In the text ”On the Museum’s Ruins” Douglas Crimp presents one aspect of the museum as being a sanctuary or mausoleum for art, thus considering objects of art to be dead as they reach the museum, also implying that they were once alive. The museum is also described as a historical archive for art, holding previously attained knowledge and accomplishments. The museum is thus considered as a tomb for art, a tomb where we visit the dead, the dead that in turn act as a reference for the present – just as the library, the archive or any type of (historical) collection. Crimp points out that the content of such a collection of saved or stored objects is often heterogenous and even contradictory. At the same time the museal collection usually presents its material in an orderly manner, according to categories of cronology, style or species. In this way it attempts to constitute a coherent catalogue of knowledge. He cites ”The set of objects the museum dispalys is sustained only by the fiction that they somehow constitute a coherent representational universe…Such a fiction is the result of an uncritical belief in the notion that ordering and classifying, that is to say, the spatial juxtaposition of fragments, can produce a representational understanding of the world.Should the fiction disappera, there is nothing left of the museum but ”bric-a-brac”, a heap of meaningless and valueless fragments of objects…”
In the case of running the equivalent of the archive of references would of course be the record statistics of championships, or on a local scale the club records or the timing from the last rounds of jogging.
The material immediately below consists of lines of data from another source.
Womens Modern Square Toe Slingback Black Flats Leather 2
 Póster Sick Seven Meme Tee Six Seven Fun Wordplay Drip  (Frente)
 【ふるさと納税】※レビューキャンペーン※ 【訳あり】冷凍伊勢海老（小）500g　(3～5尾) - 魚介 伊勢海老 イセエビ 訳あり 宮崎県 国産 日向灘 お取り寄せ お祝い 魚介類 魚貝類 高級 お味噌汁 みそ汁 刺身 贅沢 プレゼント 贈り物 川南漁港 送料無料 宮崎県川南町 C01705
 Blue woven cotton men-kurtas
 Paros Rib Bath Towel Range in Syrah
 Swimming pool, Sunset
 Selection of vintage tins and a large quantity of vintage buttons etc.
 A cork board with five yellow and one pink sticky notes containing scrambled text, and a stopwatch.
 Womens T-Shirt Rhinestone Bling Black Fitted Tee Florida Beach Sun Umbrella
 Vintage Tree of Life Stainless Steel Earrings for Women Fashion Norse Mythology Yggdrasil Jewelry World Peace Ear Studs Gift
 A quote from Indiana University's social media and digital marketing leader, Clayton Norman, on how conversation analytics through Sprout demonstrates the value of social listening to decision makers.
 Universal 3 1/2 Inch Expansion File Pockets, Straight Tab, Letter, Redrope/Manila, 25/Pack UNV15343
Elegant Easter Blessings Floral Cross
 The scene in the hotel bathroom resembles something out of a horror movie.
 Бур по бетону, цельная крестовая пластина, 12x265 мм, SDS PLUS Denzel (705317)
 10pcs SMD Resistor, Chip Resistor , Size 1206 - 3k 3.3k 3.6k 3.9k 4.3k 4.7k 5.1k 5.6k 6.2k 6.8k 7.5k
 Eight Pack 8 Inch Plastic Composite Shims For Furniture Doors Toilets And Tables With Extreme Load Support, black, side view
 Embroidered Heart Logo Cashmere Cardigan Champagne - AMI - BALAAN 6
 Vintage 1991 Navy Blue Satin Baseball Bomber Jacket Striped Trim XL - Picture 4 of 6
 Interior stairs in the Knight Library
What’s striking in the comparison is the extreme intolerance for any kind of heterogeneity in running (competitions). Running can always be quantified and evaluated in terms of distance and duration. But one could argue that many aspects of running thereby are ignored or set aside. The subjective experience of rythmicly moving your body, the health aspects of training, the bodily transformations, the pain, the feeling of stepping on asphalt compared to soil, sand or moss, and so on.
The museum and the lists of records can both be seen as the product or result of attemptimg to present a continous story based on a number of singularities. To be able to do this, an order or structure is established. A structure of categories such as sculpture, painting, graphic work or marathon, cross-country and sprint, as well as a number of more or less defined parameters used for measuring and evaluation.
The sorting, the classification, the evaluation all call for some kind of reduction. In the case of runners it is staying on a certain track, being of a certain age or gender and not having certain chemical substances running through your veins. In the case of art it is of course more questionable to say that such restrictions exist, nevertheless the museets format och ambition att sammanfatta och återberätta may restrict its contents and interfere with the inherent heterogeneity and contradictions of the woks of art.
In the text of Tony Bennett, the withdrawl of punishment from the gaze of the public by the establishment of prisons is paralleled with the developemnet of exhibitionary complexes, such as the museum. He describes how they both relate to an architecture of display and compare how they use principles of organization of people and their gazes. Thus he relates the museum to ideas of dicipline and surveillance, and to order, not just of objects but also of people, the museum visitors.
To once again recall the institution of running, one could consider the stadium as a similar form of display, in many ways similar to the panopticon. There is also the more recent phenomena of gym display windows, often exposing a number of runners aligned on their machines, as emblems of an active, healthy lifestyle. Bennett quotes ”please remember when you get inside the gates you are part of the show” when describing the museum visitor both as spectators and watched objects. The quote also applies quite well to the indoor runner becoming part of a gym display, while being offered a view out the window. The tying of a body to the fixed space of the running machine behind a window also bears some resemblance to being in a cage or a cell.
About the developement of spaces for running: Whereas the runner in the stadium move across a large field and the olympic competators of ancient egypt would leap between columns at a distance of 800 m. This could be seen as examples of different dispositions of the running body, corresponding to different architectures for running. The marathon or olympic race as moving from one point to another, the race track of a stadium as running in circles, returning to your starting point, and the fixing of the body to the running machine, where the progress and movement inherent in running seems gone.